Deux petites cases rondes à la décoration spartiate et une enceinte avec 33 chèvres : c’était le domaine de Chemunung et de Peter Lopus en décembre 2006, lors de ma dernière visite. Leur vie dans la vallée isolée de Kerio (Pokot Ouest) n’était pas facile. Pourtant, le couple était aux anges. Chemunung avait donné le jour à un garçon en bonne santé trois jours plus tôt.
Douze ans plus tard, en juillet dernier, j’ai retrouvé la famille. Elle habite un peu plus loin du village. J’entre dans une vaste cour avec trois maisons spacieuses et un hangar de rangement.

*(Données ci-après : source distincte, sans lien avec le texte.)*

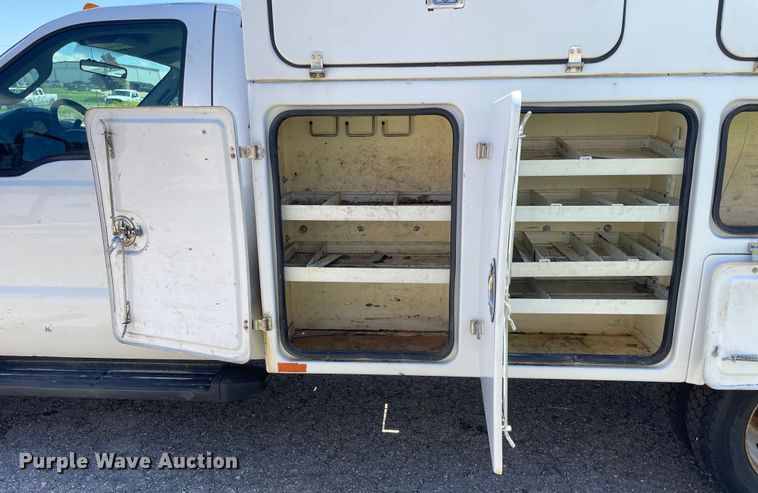 image for item OG9941 2012 Ford F450 Super Duty XL bucket truck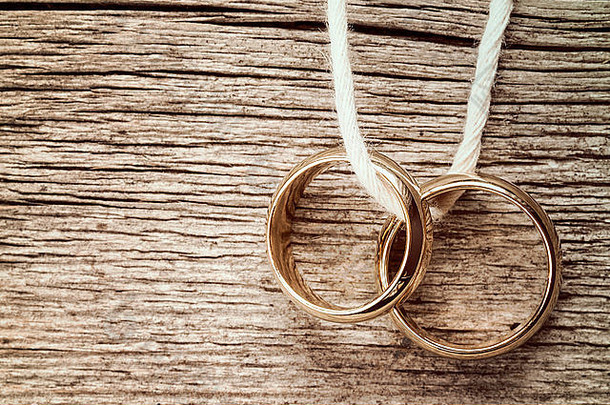 婚礼环挂绳子木背景古董图像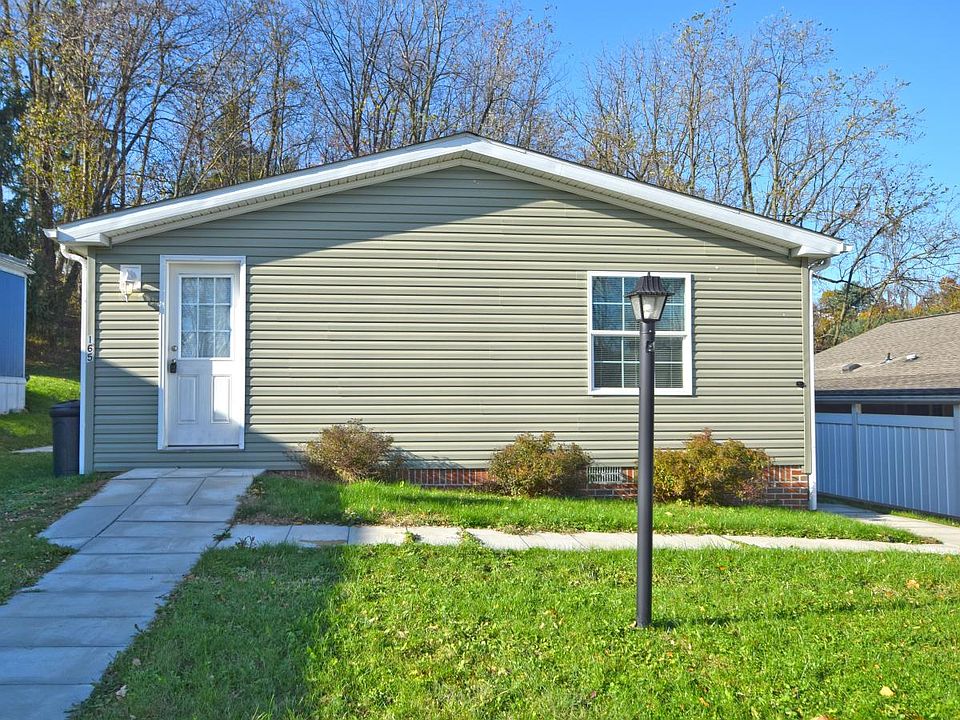 1st image of 165 Sheffield Dr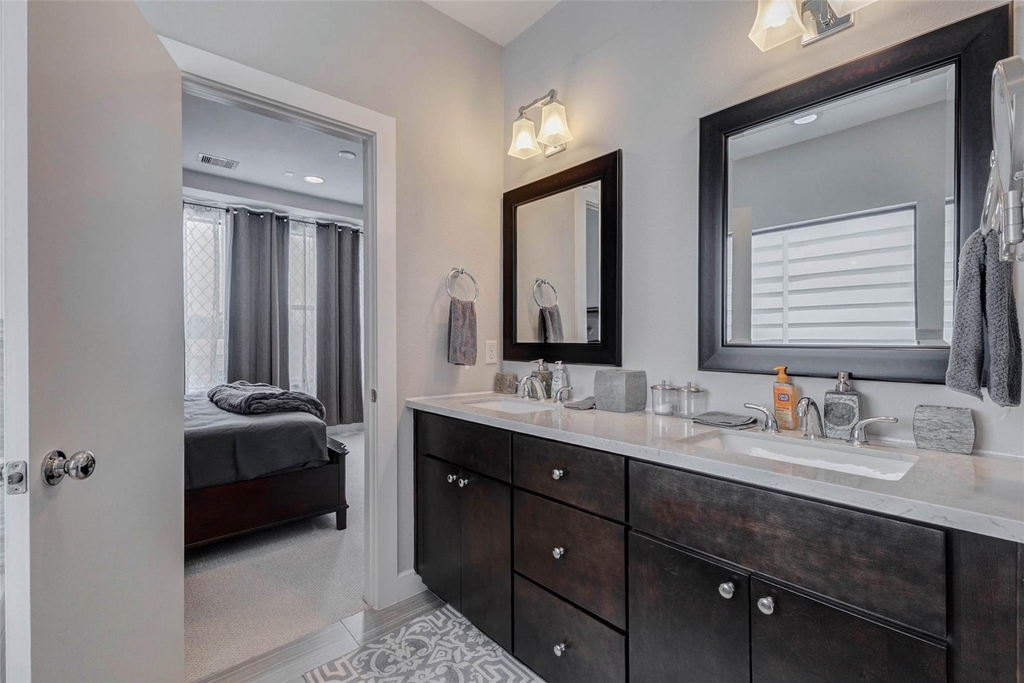 3810 Leeland Street - Photo 18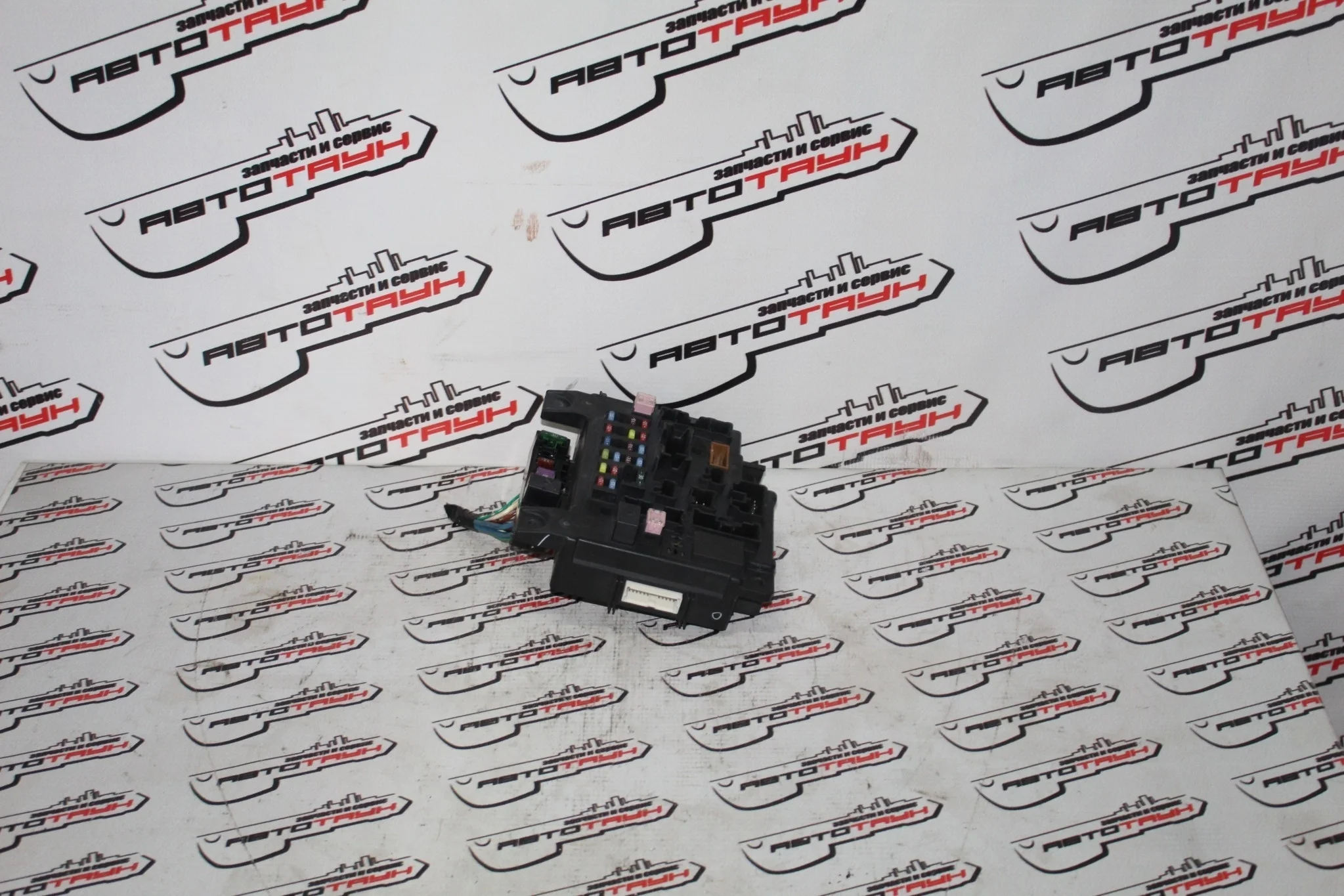 БЛОК ПРЕДОХРАНИТЕЛЕЙ MITSUBISHI 8637A313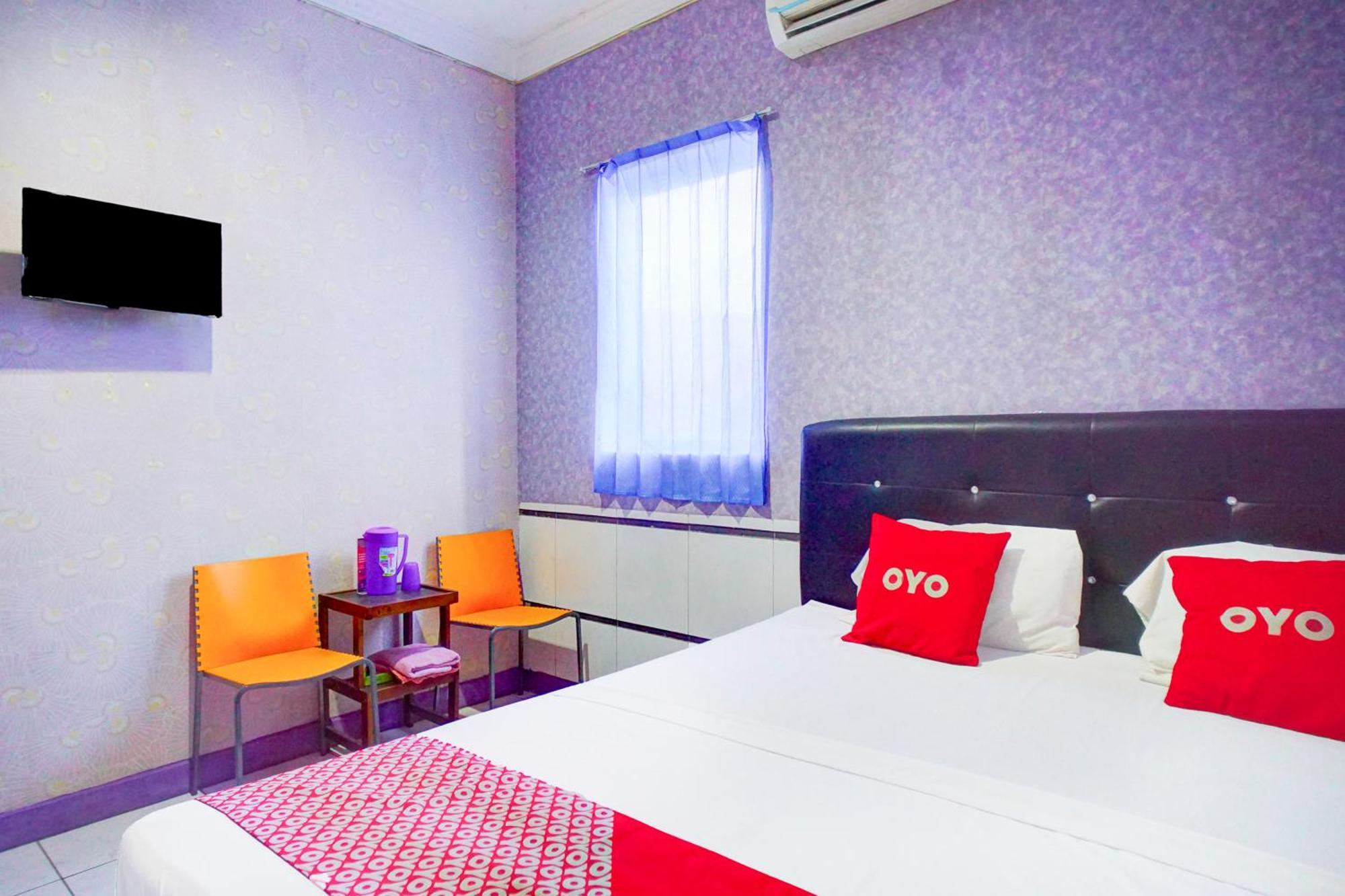 RedDoorz Plus near Istana Maimun Medan Bagian luar foto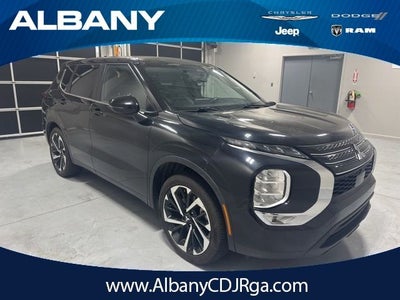 2023 Mitsubishi Outlander SE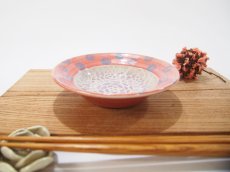 画像3: 紋花彩泥掻落ドット　豆皿（赤×紫）　【nicorico】 (3)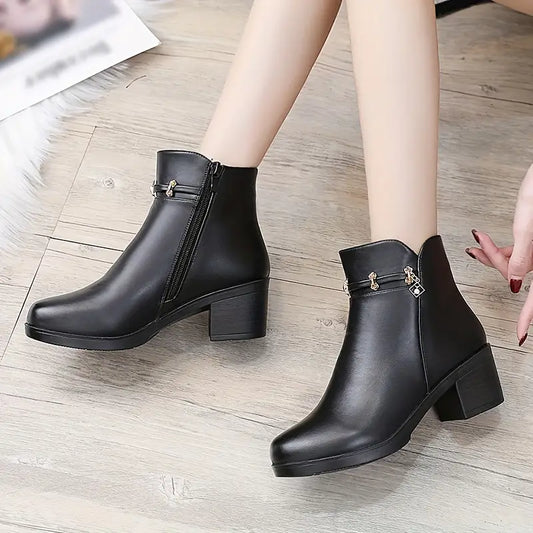 NANAIMO™ WOMEN'S SOLID COLOR LINED BOOTS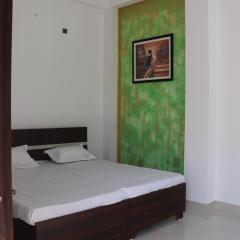 Aashiyana Home Stay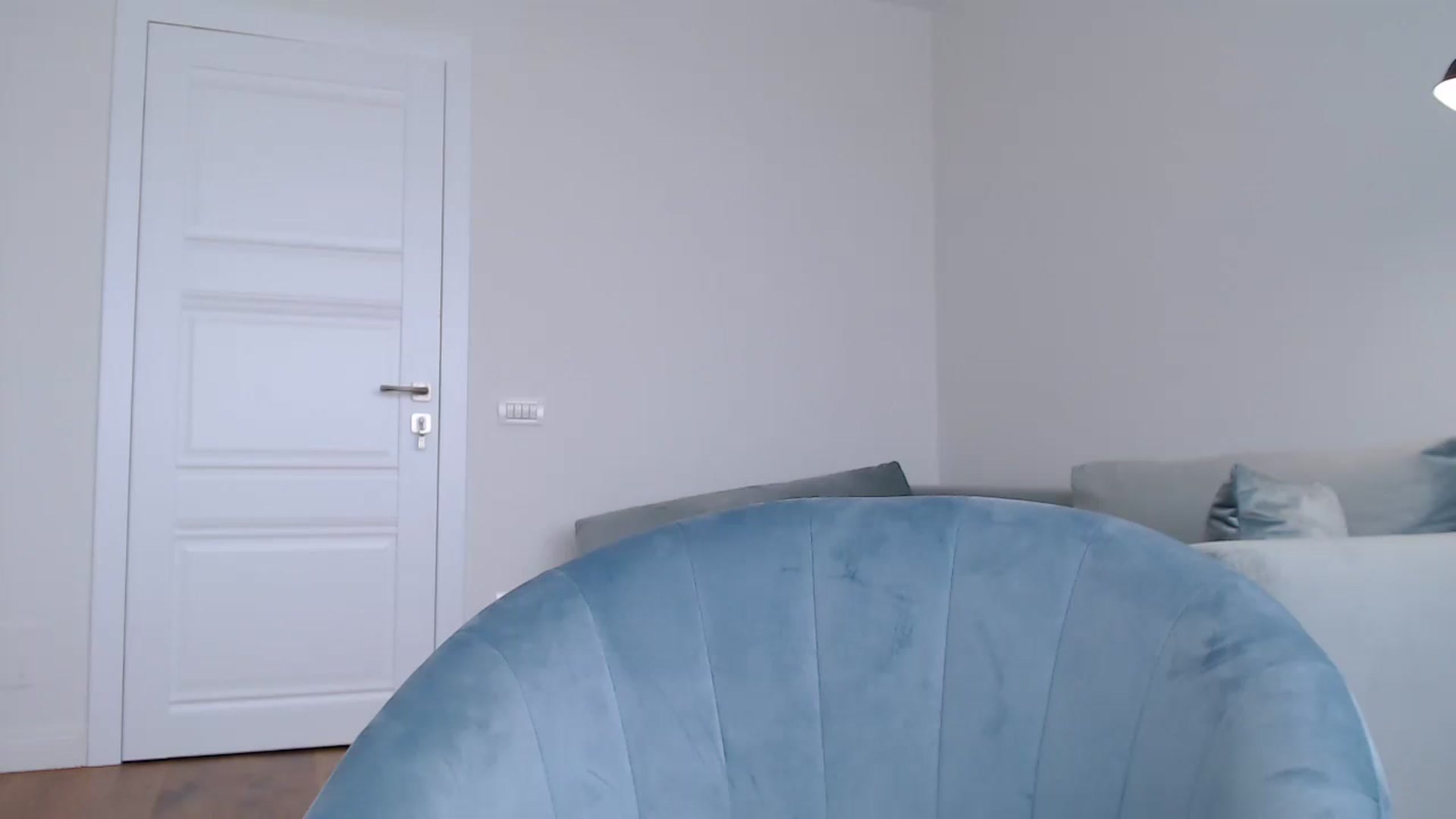 Gallery image thumbnail from call_me_em's myfreecams stream on, 03/21/2023, 10:54 image 3 of 20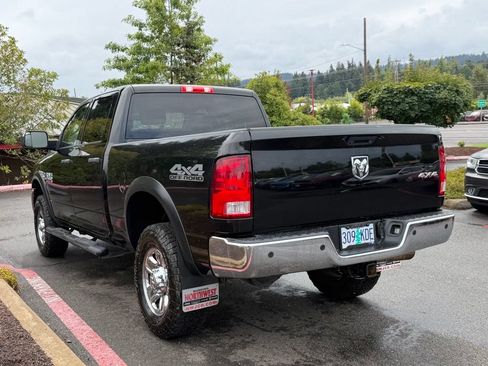 Used 2017 RAM 2500 Tradesman w/ Chrome Appearance Group AWD/4WD image 5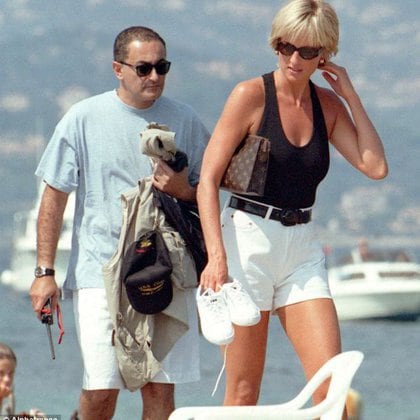 La princesa de Gales y el heredero del imperio Harrods, hijo del multimillonario Mohamed al Fayed, se conocieron en 1986 en un partido de polo… Se reencontraron en el verano del 97, ella tenía 36 años y él, 42. Los dos, divorciados Toda la vida por delante...(Alphafrance)
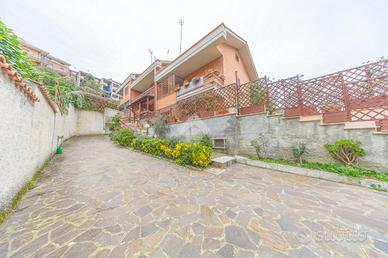 PORZIONE DI TRIFAMILIARE A ROMA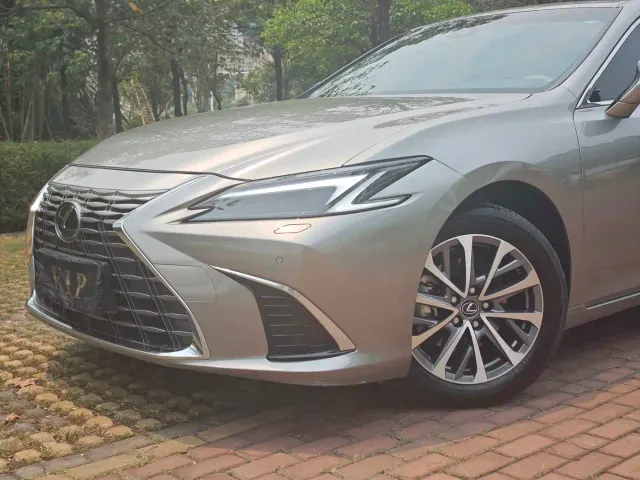 Lexus ES — Фото автомобиля 3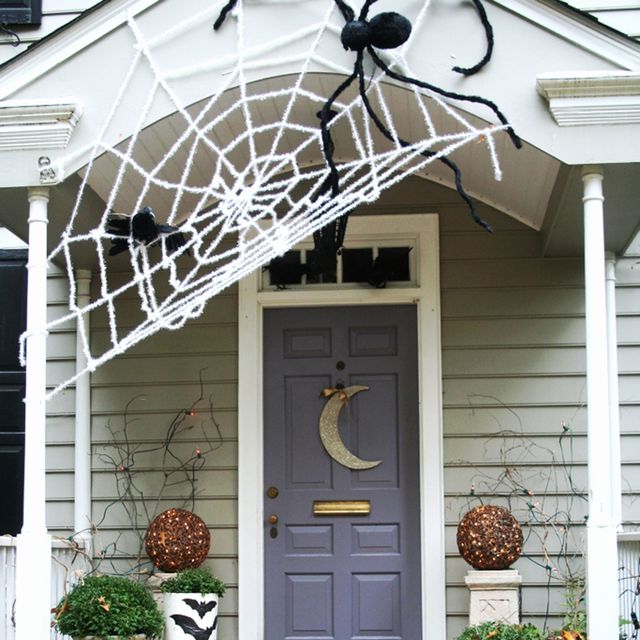 DIY Giant Spider Decorations - Spider Outdoor Halloween Decor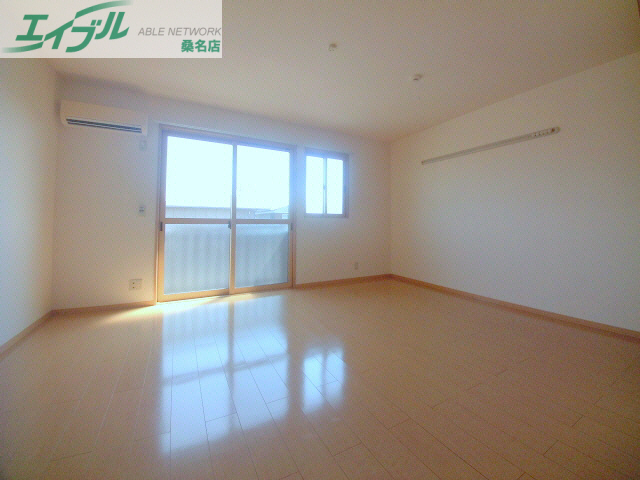 居室・リビング　同建物別部屋写真です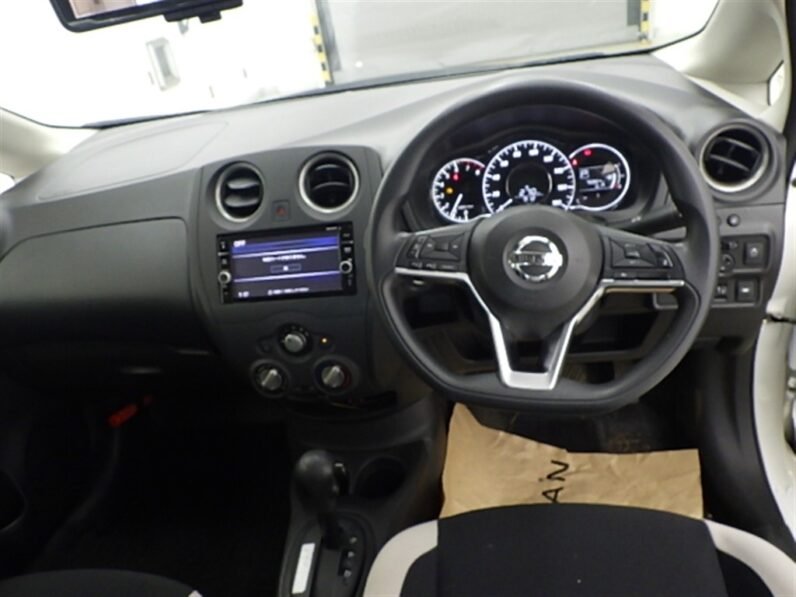 
								Nissan Note 2018 full									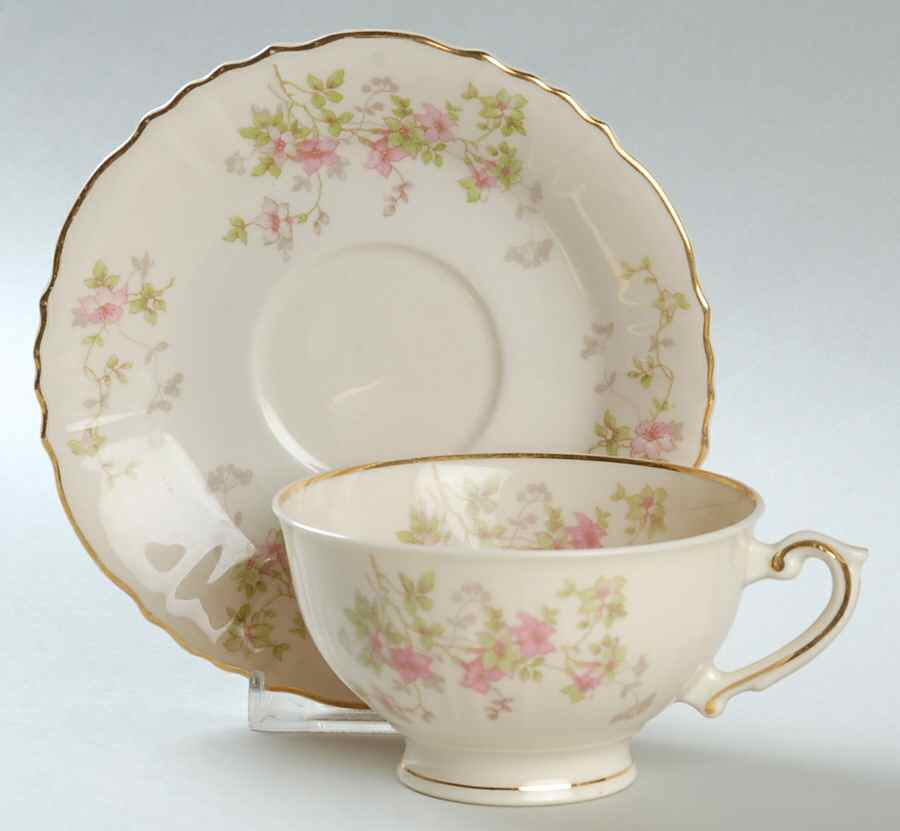Stansbury Footed Cup & Saucer Set by Syracuse-1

Le couple vient à ma rencontre, radieux. «Tu te souviens ?» Chemunung me désigne un garçon au t-shirt vert. «C’est Kibet ! Quand tu es venu la dernière fois, il avait trois jours et je l’ai baigné devant la maison».
Aujourd’hui, le couple possède une vache, quatre boeufs, un taureau, 119 petits animaux et un coq imposant. Ils ont acheté une moto avec laquelle Peter amène la récolte du miel au point de collecte de Lomut. Il avait rejoint le projet «Cabesi» de Biovision en 2004 et appris l’apiculture. Les Lopus ont commencé avec cinq ruches. Aujourd’hui il y en a 35. Quand la saison est bonne, ils récoltent plus d’une demi-tonne de miel de qualité. Peter le vend à un prix stable au Cabesi Marketplace, ce qui lui rapporte 90 000 shillings kenyans (environ 800 francs). «Le miel est une source de revenus sûre, dit-il. Le bétail peut mourir, mais les abeilles continuent à collecter du miel». Peter sait de quoi il parle. Il a perdu sept bovins et 37 petits animaux lors de la dernière sécheresse. Heureusement, son bétail se reconstitue.
Malgré leur succès, Mme et M. Lopus s’en tiennent à leur vie simple dans la brousse et à leur méthode de travail soigneuse. Les bénéfices de la lucrative industrie du miel sont investis judicieusement. Ils garantissent à tous les enfants une éducation complète, y compris les filles. Dans le Pokot Ouest, ce n’est pas une évidence. Et le couple poursuit son développement. Peter a déjà construit dix nouvelles ruches, qui vont encore améliorer leur existence et leur sécurité alimentaire. Si les cultures de la vallée semi-aride de Kerio se perdent faute de pluie, ils peuvent au moins acheter de la nourriture.
Au moment de nous quitter, Chemunung me glisse un poulet vivant dans la main. Je n’ai pas le choix ! J’accepte le cadeau avec émotion. Je rassure ma conscience en sachant que ces deux-là ont réussi et maîtrisent leur vie.